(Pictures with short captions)

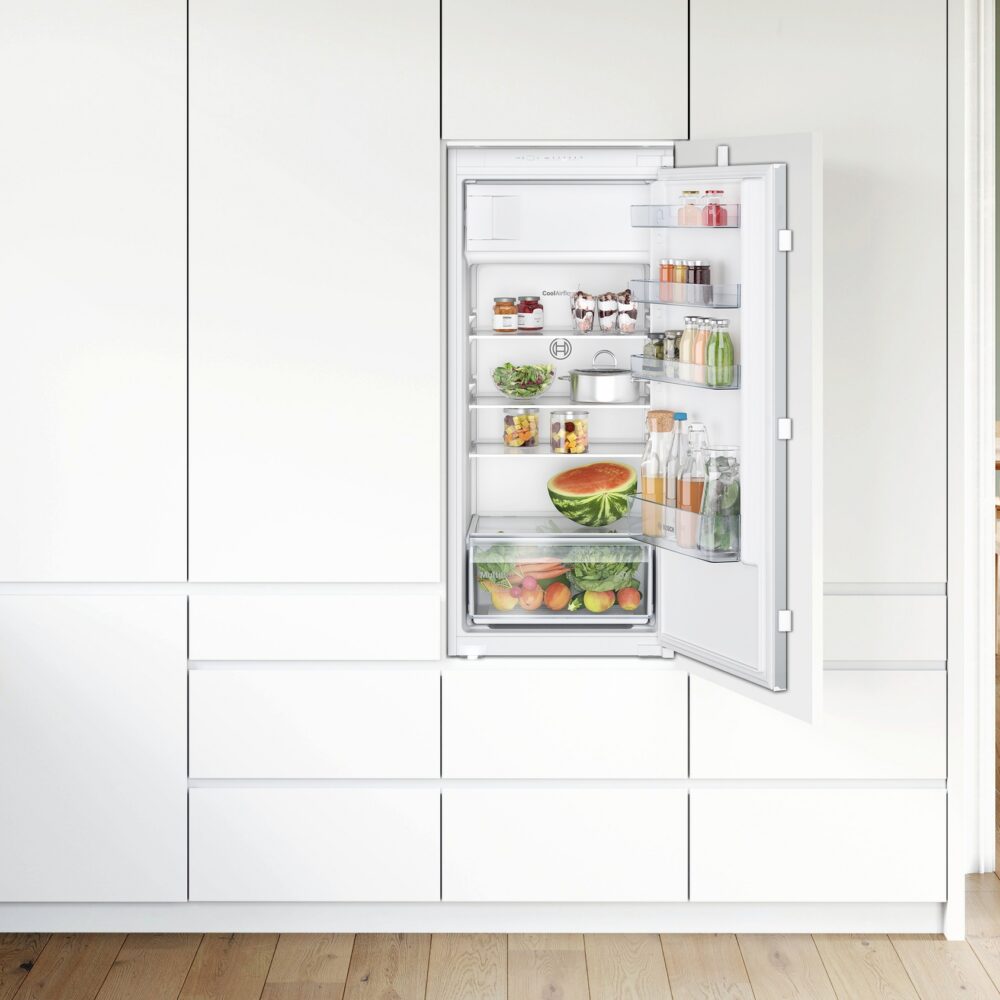 Alternative view of Serie 2, Einbau-Kühlschrank mit Gefrierfach, 122.1 x 54.1 cm, Schleppscharnier, KIL42NSE0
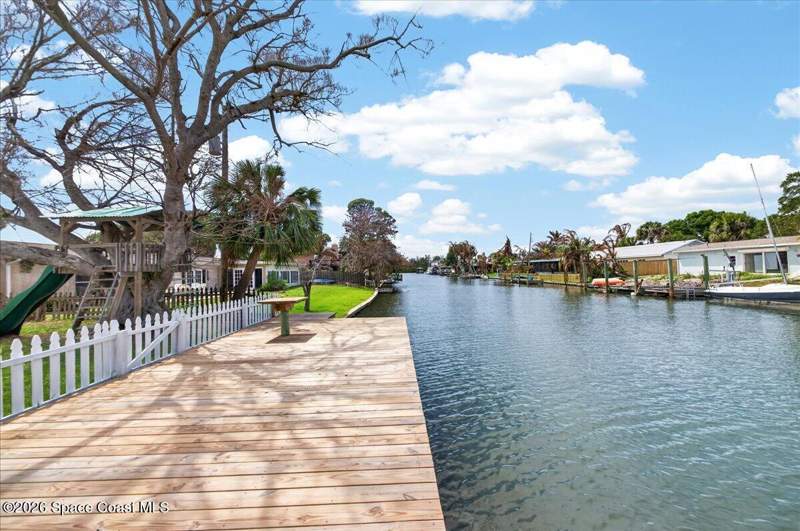 3 bedroom Single Family Residence at 433 Blakey Boulevard, Convair Cove, Cocoa Beach — photo 2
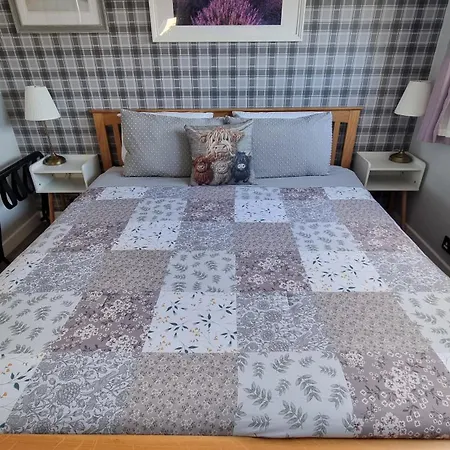 Innisfail Edi - Double With Private Bathroom Эдинбург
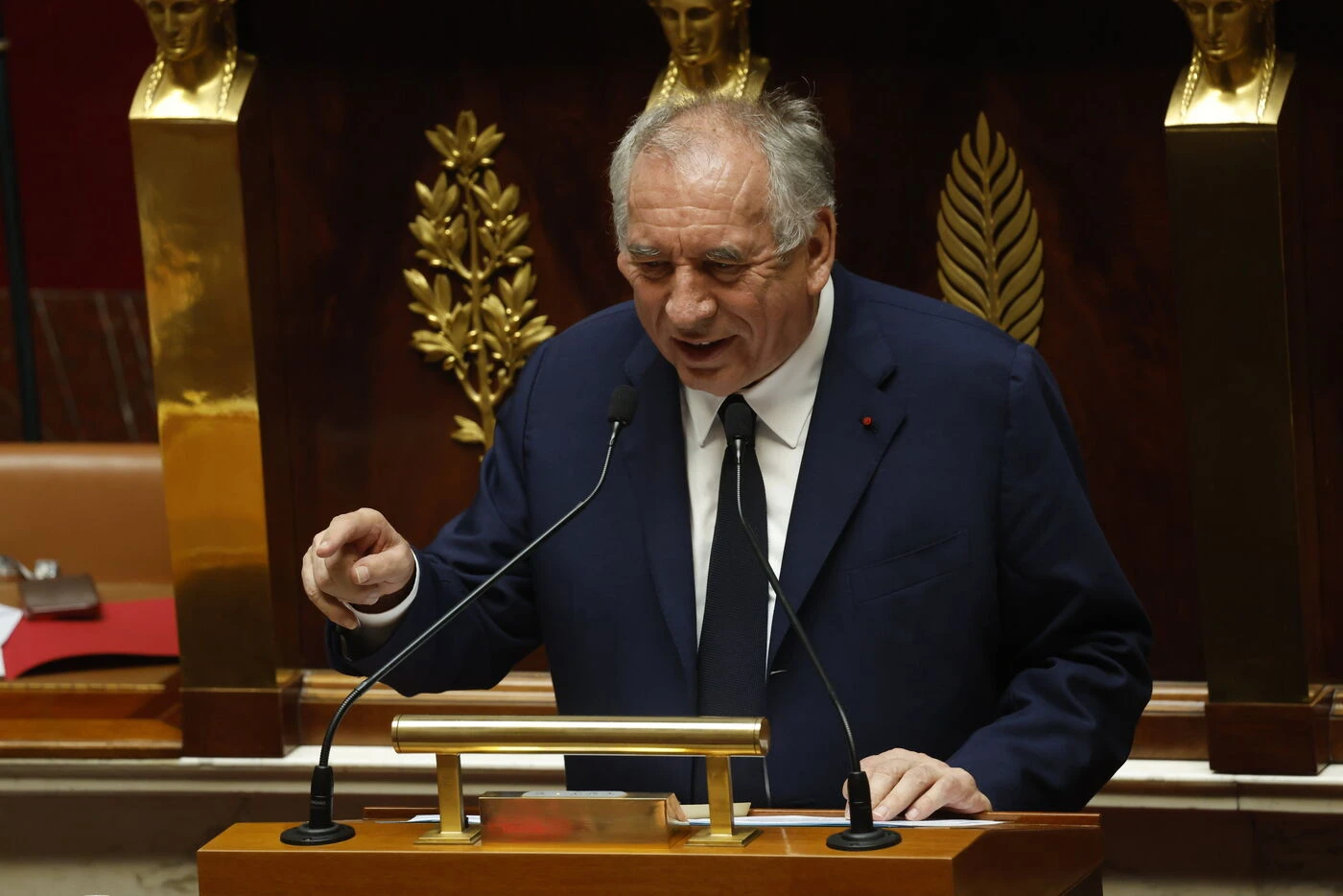 « Si vous criez, je bois » : François Bayrou ironise sur les perturbations à l’Assemblée pendant son discours
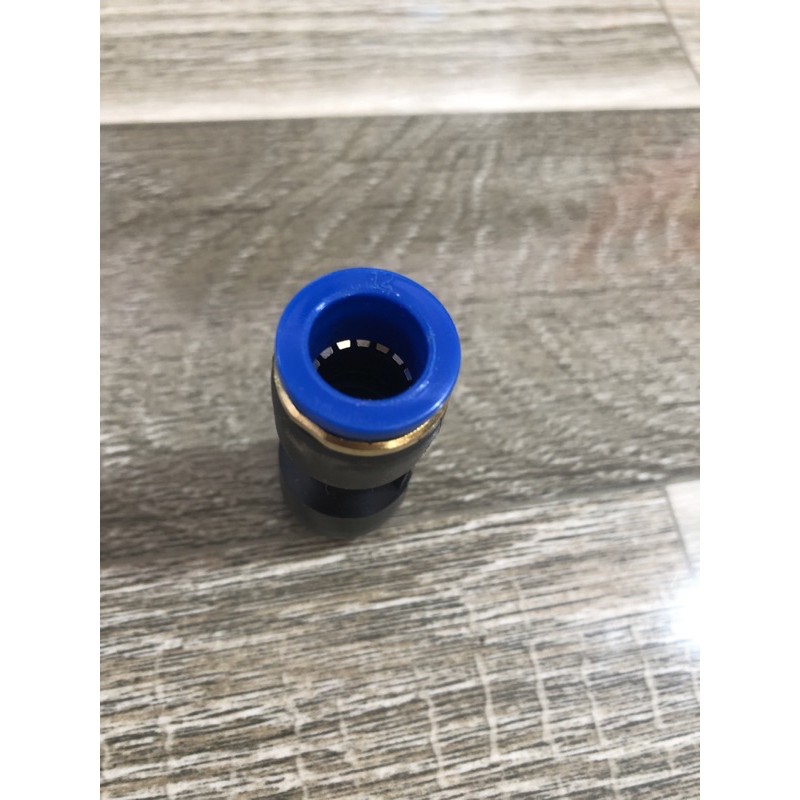 Sản phẩm gia đình làm: Cút nối nhanh phi 10*12 thẳng nhựa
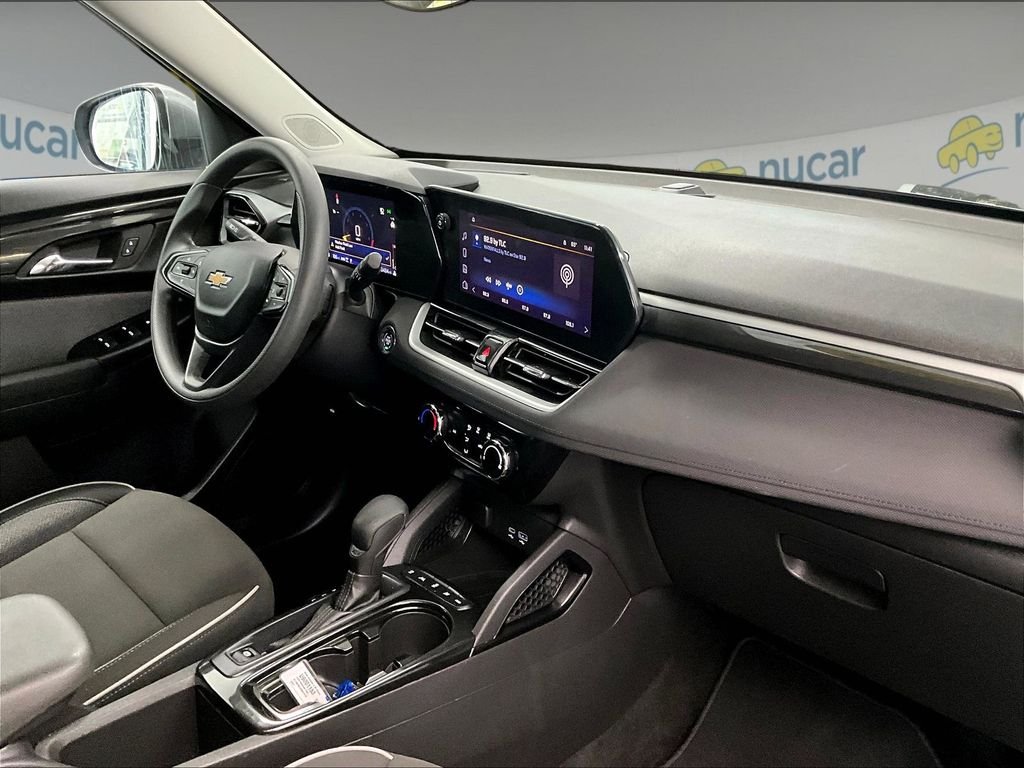 Used 2025 Sterling Gray Metallic Chevrolet LT image 14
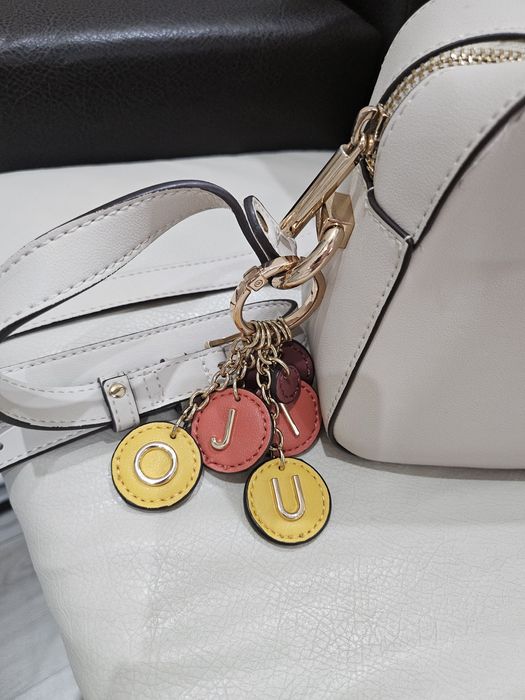 Чанти на Guess и Liu Jo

Task instructions:
Where an image appears in the data, skip it, and return the rest verbatim.

Output of the exercise:
 Alternative view of Serie 2, Einbau-Kühlschrank mit Gefrierfach, 122.1 x 54.1 cm, Schleppscharnier, KIL42NSE0
 3 bedroom Single Family Residence at 433 Blakey Boulevard, Convair Cove, Cocoa Beach — photo 2
 Innisfail Edi - Double With Private Bathroom Эдинбург
 « Si vous criez, je bois » : François Bayrou ironise sur les perturbations à l’Assemblée pendant son discours
 Sản phẩm gia đình làm: Cút nối nhanh phi 10*12 thẳng nhựa
 Used 2025 Sterling Gray Metallic Chevrolet LT image 14
 Чанти на Guess и Liu Jo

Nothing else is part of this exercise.